#### Raw data:
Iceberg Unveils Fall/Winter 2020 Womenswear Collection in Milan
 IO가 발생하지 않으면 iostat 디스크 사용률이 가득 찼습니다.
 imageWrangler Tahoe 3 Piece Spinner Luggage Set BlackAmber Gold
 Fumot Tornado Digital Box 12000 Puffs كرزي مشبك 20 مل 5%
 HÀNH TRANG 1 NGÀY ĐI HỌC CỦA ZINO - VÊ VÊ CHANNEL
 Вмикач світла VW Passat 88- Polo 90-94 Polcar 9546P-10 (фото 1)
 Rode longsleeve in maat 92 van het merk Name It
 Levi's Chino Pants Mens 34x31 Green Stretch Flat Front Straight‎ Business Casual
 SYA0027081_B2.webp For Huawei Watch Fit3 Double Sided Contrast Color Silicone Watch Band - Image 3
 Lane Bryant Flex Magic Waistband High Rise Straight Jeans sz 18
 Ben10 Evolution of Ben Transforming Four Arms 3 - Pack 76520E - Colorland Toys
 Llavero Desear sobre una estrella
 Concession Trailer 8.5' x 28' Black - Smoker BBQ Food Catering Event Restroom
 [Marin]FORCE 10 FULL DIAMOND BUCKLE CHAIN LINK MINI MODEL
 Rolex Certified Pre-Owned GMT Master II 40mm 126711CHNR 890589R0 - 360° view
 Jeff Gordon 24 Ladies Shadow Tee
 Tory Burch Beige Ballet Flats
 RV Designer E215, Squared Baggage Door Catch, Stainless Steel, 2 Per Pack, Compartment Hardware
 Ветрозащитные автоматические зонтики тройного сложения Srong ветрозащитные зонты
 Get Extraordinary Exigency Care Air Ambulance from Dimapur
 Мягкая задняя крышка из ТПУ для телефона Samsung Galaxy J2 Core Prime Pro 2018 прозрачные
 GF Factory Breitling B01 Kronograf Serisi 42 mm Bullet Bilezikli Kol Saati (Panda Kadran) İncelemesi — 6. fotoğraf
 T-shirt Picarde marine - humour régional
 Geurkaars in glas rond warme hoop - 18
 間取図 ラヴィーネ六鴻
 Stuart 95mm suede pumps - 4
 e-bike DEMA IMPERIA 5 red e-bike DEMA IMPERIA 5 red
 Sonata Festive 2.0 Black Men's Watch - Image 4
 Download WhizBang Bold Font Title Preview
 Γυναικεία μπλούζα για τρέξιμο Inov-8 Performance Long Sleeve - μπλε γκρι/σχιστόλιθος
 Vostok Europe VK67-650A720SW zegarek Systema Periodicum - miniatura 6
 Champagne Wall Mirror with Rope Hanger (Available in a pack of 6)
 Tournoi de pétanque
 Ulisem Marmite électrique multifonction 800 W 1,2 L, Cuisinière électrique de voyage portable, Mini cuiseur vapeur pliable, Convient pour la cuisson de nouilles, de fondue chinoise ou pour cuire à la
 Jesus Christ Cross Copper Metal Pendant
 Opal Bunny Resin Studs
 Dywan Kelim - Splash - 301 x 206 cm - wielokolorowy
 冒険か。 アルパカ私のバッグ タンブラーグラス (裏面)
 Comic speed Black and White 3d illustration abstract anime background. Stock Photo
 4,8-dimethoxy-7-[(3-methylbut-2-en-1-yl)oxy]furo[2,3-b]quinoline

#### Task statement:
Transcribe, word for word, every line from the one containing "冒険か。 アルパカ私のバッグ タンブラーグラス (裏面)" through the final line of the entries, and nothing else.

#### Finished exercise:
 冒険か。 アルパカ私のバッグ タンブラーグラス (裏面)
 Comic speed Black and White 3d illustration abstract anime background. Stock Photo
 4,8-dimethoxy-7-[(3-methylbut-2-en-1-yl)oxy]furo[2,3-b]quinoline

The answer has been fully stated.